Activity:
Starting with the line that holds "Adidas FYW S-97", repeat each line through the last one below, exactly. Pictures stay out.
________
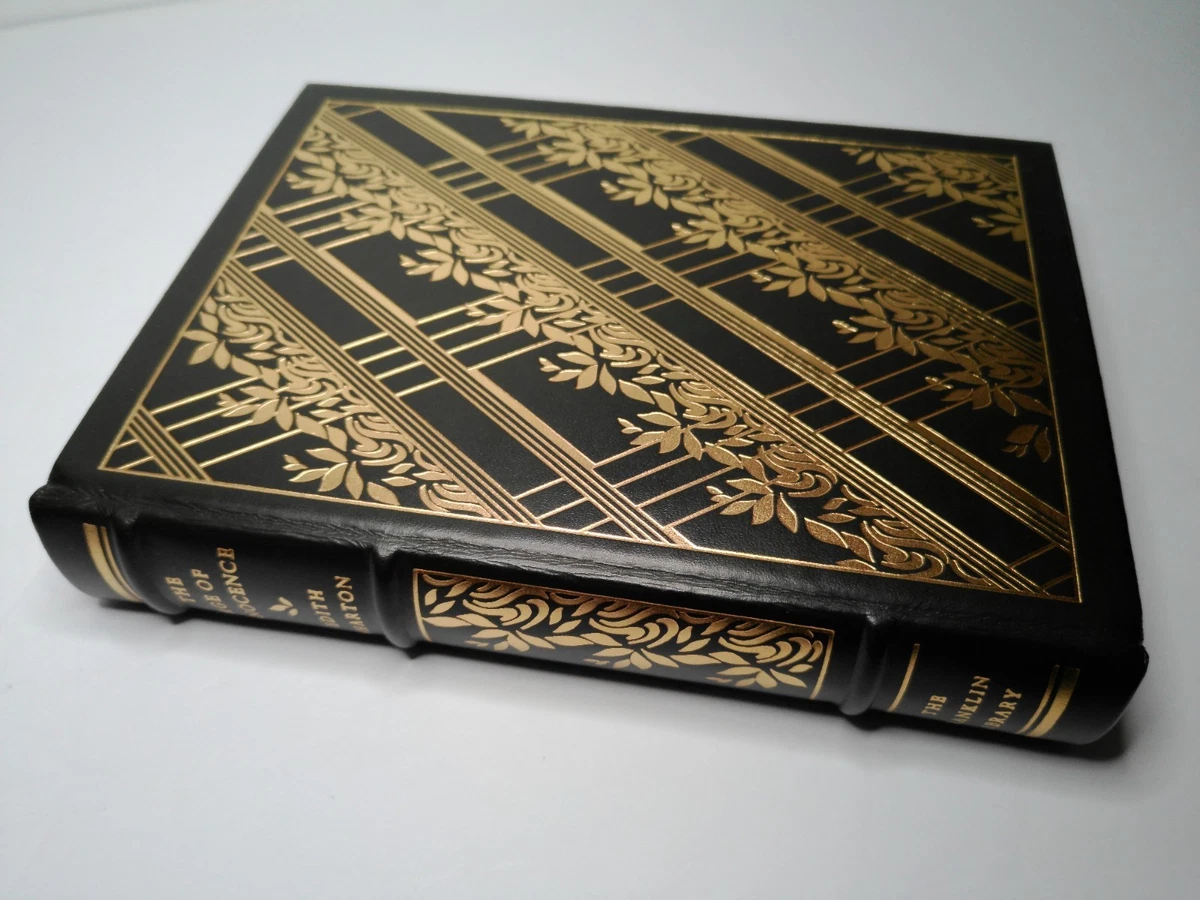 Greatest Masterpieces 100 | eBay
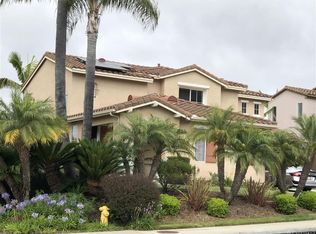 2313 Masters Rd, Carlsbad, CA 92008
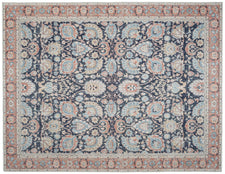 Persian Rug Acigei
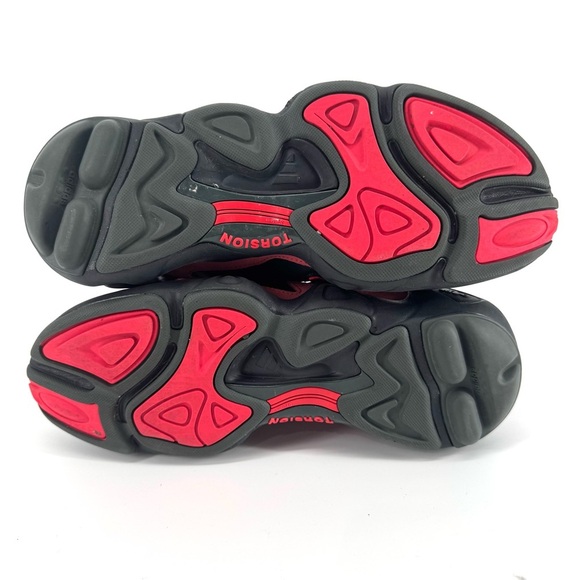 Adidas FYW S-97 Men’s Sneakers Size 7.5 New Without Box - Picture 10 of 11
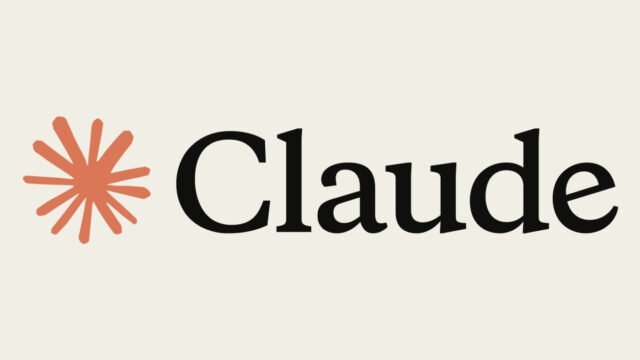 Claude Fable 5: Anthropic ra mắt AI tương đương với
________
Answer to this exercise:
 Adidas FYW S-97 Men’s Sneakers Size 7.5 New Without Box - Picture 10 of 11
 Claude Fable 5: Anthropic ra mắt AI tương đương với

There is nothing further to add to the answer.